▸ **What to produce**: Nothing but the images should be left out when the entries are restated word for word.

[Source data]
*** Begin section ***
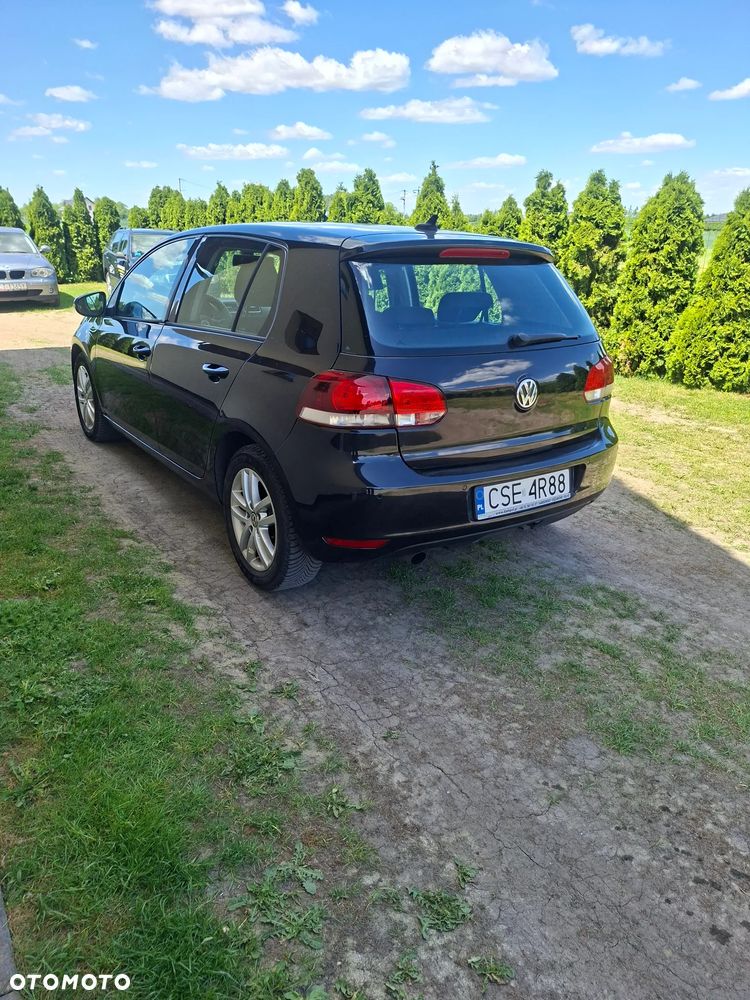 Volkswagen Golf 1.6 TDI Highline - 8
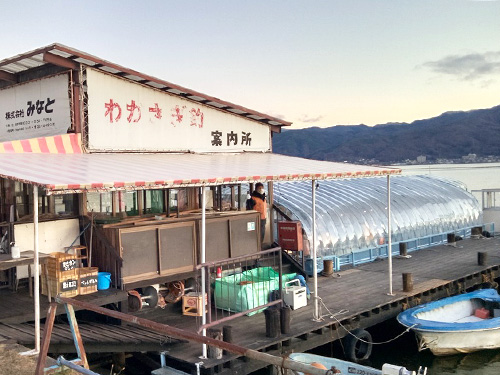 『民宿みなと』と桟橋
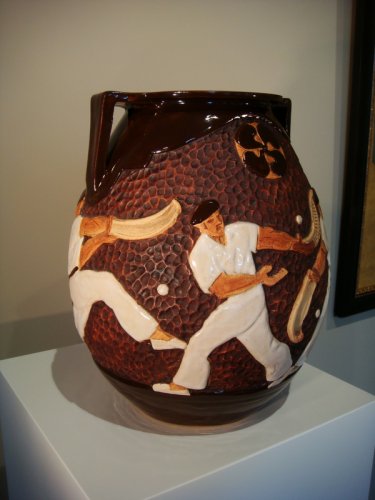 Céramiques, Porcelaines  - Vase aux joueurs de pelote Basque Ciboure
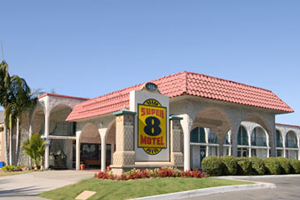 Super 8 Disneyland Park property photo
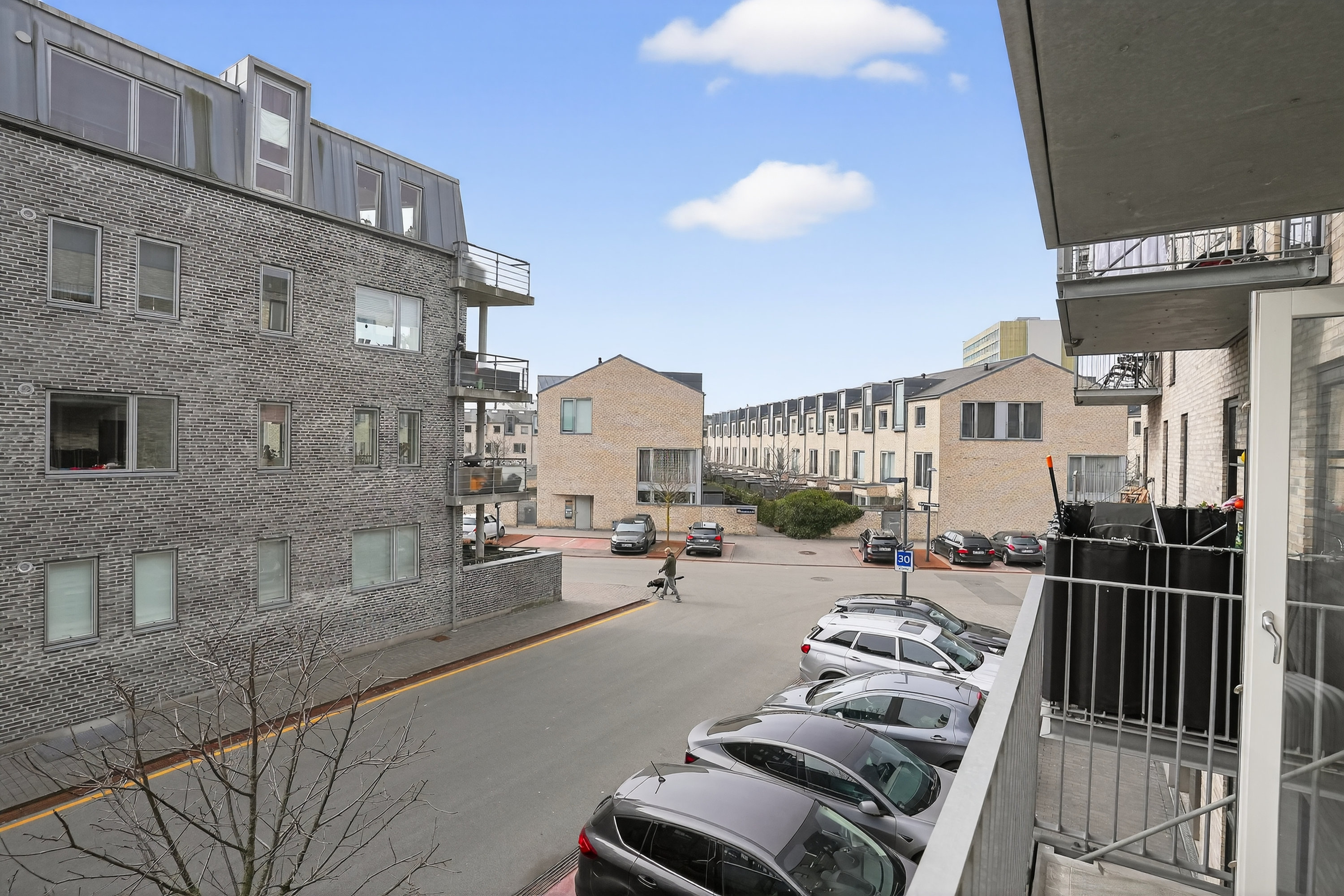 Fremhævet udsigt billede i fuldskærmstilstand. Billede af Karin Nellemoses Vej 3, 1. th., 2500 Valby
*** End section ***
▸ **Result of the exercise**:
 Volkswagen Golf 1.6 TDI Highline - 8
 『民宿みなと』と桟橋
 Céramiques, Porcelaines  - Vase aux joueurs de pelote Basque Ciboure
 Super 8 Disneyland Park property photo
 Fremhævet udsigt billede i fuldskærmstilstand. Billede af Karin Nellemoses Vej 3, 1. th., 2500 Valby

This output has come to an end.